# Best chain tensioner for single speed full suspension bike?



## Speeder500 (Oct 9, 2012)

Can someone tell me what the best chain tensioner is for a single speed freewheel? My bike fits a normal rear derailleur.

From my research it seems the best is the Yess ETR/D full suspension chain tensioner.

ETR/D Full Suspension Chain Tensioner | Yess Products Ltd.

Am I right that this is the best one, or is there a better one I am missing?

Thanks.


----------



## Saddle Up (Jan 30, 2008)

The Paul Comp. Melvin works great. I should have never sold this bike.


Rocky Mountain Element 30 Full Suspension Single Speed by SaddleUpBike, on Flickr


----------



## dbhammercycle (Nov 15, 2011)

Saddle Up said:


> The Paul Comp. Melvin works great. I should have never sold this bike.
> 
> 
> Rocky Mountain Element 30 Full Suspension Single Speed by SaddleUpBike, on Flickr


You say that about all the Rockies you post.


----------



## mcoplea (Nov 11, 2004)

Just do this! Rad Ross' Sweet FS Singlespeed - 'Rad' Ross Schnell all set for Singlespeed World Champs - BikeRadar


----------



## jds2835 (May 22, 2011)

I have a yess ertd on my anthem 27.5. It works great.


----------



## Tyrone Shoelaces (Nov 6, 2006)

I just used a Yess EtRd on 140mm travel Trance and raced Downieville All Mountain world champs on it without any issue. I put gears back on this bike but it was damn smooth and silent with the Yess


----------



## MarcusSommers (Sep 11, 2008)

I have a Speedgoat Asylum, basically a titus 29er, that I have run for years with a SRAM short cage road derailleur as a chain tensioner. I have made some random modifications to it over the years, and am now using it with a NW chainring. Silent and no drops. 

I saw the YESS products at interbike several years ago, and they looked great, but just never bought one. That giant trance looks awesome with it. 

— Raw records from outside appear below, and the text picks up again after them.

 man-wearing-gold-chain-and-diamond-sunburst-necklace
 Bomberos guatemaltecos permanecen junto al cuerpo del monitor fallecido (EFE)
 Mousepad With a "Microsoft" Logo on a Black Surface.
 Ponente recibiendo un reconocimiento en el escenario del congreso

I revalved a fox RP3 for my bike, because while the tensioner worked great, the FSR design works best in the saddle for climbing. So I added several spacers under the poppet spring to make pro pedal crazy firm for climbing. This made a huge difference, and if you have a very active bike and plan to keep it SS, a custom shock tune really helps.


----------



## Saul Lumikko (Oct 23, 2012)

Just an old rear derailleur works very well. You can fix it in one position with the high and low screws. Might need longer ones, though.


----------



## Speeder500 (Oct 9, 2012)

Saul Lumikko said:


> Just an old rear derailleur works very well. You can fix it in one position with the high and low screws. Might need longer ones, though.


Actually that is what I decided to do. I have custom sized dropouts on my bike and I wasn't sure if I would be able to easily line up my chain.

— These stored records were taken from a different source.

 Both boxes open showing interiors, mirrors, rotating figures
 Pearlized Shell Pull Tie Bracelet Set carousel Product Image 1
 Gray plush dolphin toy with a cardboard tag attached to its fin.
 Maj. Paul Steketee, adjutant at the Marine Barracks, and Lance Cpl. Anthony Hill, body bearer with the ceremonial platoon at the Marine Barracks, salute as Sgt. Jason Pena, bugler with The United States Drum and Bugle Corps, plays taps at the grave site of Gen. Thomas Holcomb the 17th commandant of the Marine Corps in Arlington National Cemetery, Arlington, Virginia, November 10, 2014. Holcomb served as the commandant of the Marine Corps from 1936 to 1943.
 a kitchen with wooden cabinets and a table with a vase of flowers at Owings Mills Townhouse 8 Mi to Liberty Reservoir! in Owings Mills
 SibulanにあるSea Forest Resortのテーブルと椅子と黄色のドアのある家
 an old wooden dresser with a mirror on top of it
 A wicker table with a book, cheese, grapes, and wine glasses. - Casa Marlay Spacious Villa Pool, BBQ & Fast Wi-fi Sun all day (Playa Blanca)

So I saw the zee derailleur was a clutch type and also very short. So I said for $68 dollars why don't I just buy this as it is cheaper than a lot of the single speeds, plus I get to line up my chain perfectly and easily, and being a clutch type it may just hold the chain better for my 10 inches of rear travel.

I didn't want to buy a single speed tensioner to find out it doesn't work or requires a lot of adjustment to make it line up with my freewheel.


----------



## Tyrone Shoelaces (Nov 6, 2006)

Speeder500 said:


> I didn't want to buy a single speed tensioner to find out it doesn't work or requires a lot of adjustment to make it line up with my freewheel.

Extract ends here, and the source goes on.